Quadtree and Octree — Professional Level¶

Audience: Engineers tuning spatial indexes at the metal — cache layout, GPU dispatch, concurrent updates, terabyte-scale terrain. Prerequisite: senior.md.

This document collects the techniques that separate a working quadtree from a production-grade one: Morton/Hilbert order encoding for cache locality, sparse voxel DAG compression, GPU-resident octree traversal, out-of-core terrain pyramids, memory-layout choices (pointer vs index vs Morton-flat), concurrent insert strategies, and a survey of measured performance on real broad-phase collision workloads.

Table of Contents¶

Morton (Z-order) Encoding — Beyond the Basics
Hilbert Curve as a Quadtree Relative
Sparse Voxel DAGs
GPU-Friendly Octree Traversal
Out-of-Core Quadtrees for Terrain
Memory Layout — Pointer vs Index vs Morton-Flat
Concurrent Insert Strategies
Real-Time Collision Broad-Phase Numbers

1. Morton (Z-order) Encoding — Beyond the Basics¶

The junior.md and middle.md chapters introduced bit interleaving. In production:

BMI2 pdep/pext (Intel Haswell+, AMD Excavator+) collapse the entire spread to one instruction. Sandy Bridge and earlier still need the bit-trick. Detect at runtime, dispatch.
__builtin_clzll + multiplication computes the longest-common-prefix of two Morton codes — useful for finding their lowest common ancestor cell in the quadtree.
Sort by Morton key with a radix sort: 4 passes of 8 bits over a 32-bit Morton key sort 10^7 elements in ~50 ms on a single core; GPU radix sort handles 10^9 keys per second.
Range query via Litmax/Bigmin (Tropf-Herzog 1981): given a Morton-sorted array and a query rectangle, compute the smallest Morton key inside the rect that is > current_position — lets you skip Z-curve excursions outside the rect in O(log n) per jump.

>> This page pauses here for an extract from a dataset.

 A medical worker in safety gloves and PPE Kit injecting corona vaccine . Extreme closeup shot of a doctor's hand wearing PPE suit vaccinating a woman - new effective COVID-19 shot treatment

The 3D Morton function for octrees interleaves three coordinates; the same bit-trick generalizes (use masks 0x49249249 etc.). On x86 with BMI2: pdep(x, 0x09249249) | pdep(y, 0x12492492) | pdep(z, 0x24924924).

Cache effect. For 10^7 points with random Morton keys, a range query scan touches ~5-10× more cache lines than a Morton-sorted scan of the same data. The structural difference is real and measurable.

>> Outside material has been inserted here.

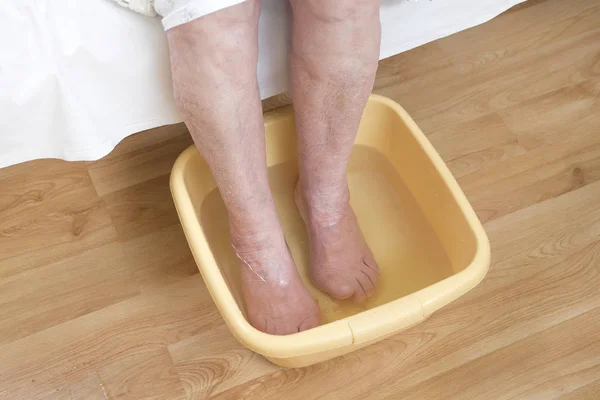 The legs of an old woman soak in a bowl of water.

2. Hilbert Curve as a Quadtree Relative¶

The Hilbert space-filling curve also gives a 1D ordering of 2D space, but with strictly better locality than Morton: any two points whose Hilbert keys differ by 1 are spatial neighbors (in Morton, large "Z" jumps occur at quadrant boundaries).

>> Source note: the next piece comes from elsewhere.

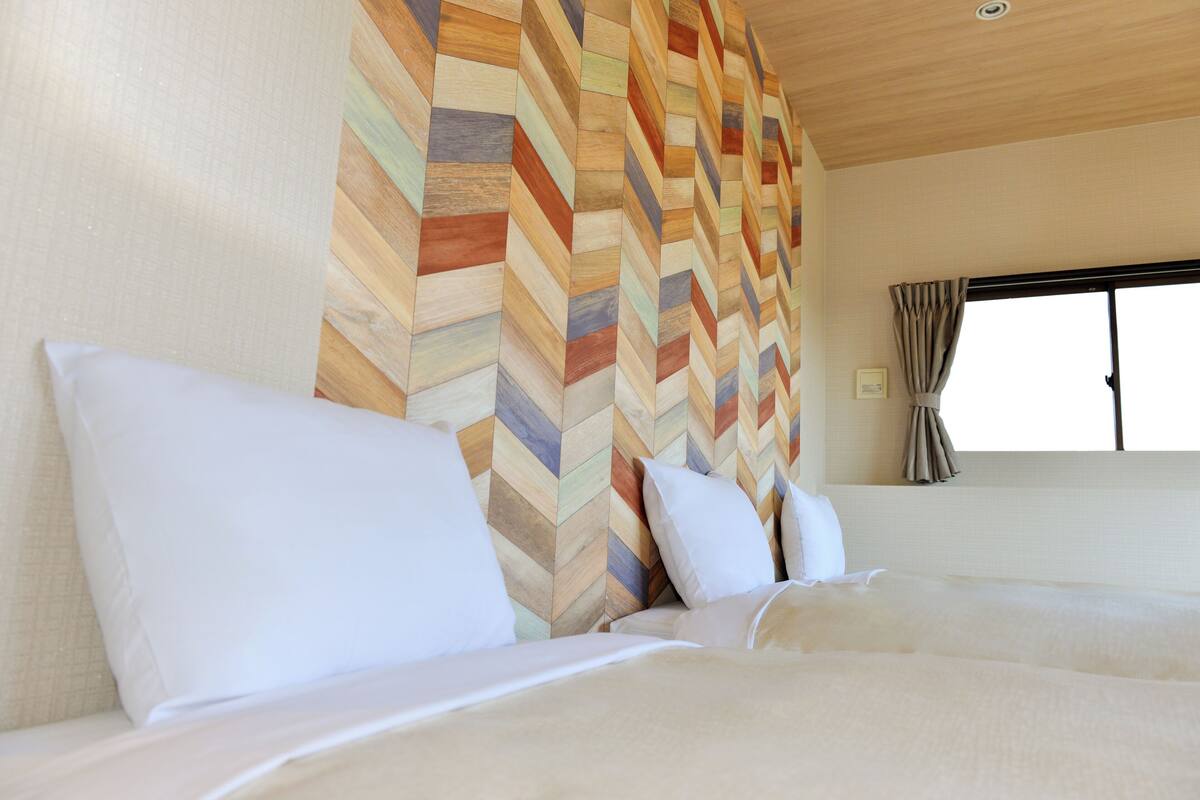 A hotel room with a large bed, a wooden herringbone-patterned wall, and a window with curtains.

Quantitatively, the clustering measure (average number of contiguous runs in a query rect) for Hilbert is ~1.4× better than Morton on uniform rectangles — meaning fewer cache-unfriendly jumps during a range scan.

Why not always use Hilbert?

Encoding cost. Computing a Hilbert key requires 2N table lookups (one per level) or a state-machine traversal. Morton is 4-6 cycles; Hilbert is 50-100. For build-once-read-many workloads (static GIS), the build amortizes — use Hilbert. For per-frame dynamic rebuilds, Morton is fine.
Library support. Morton is in every numerics library and Intel intrinsics. Hilbert needs hand-rolled code.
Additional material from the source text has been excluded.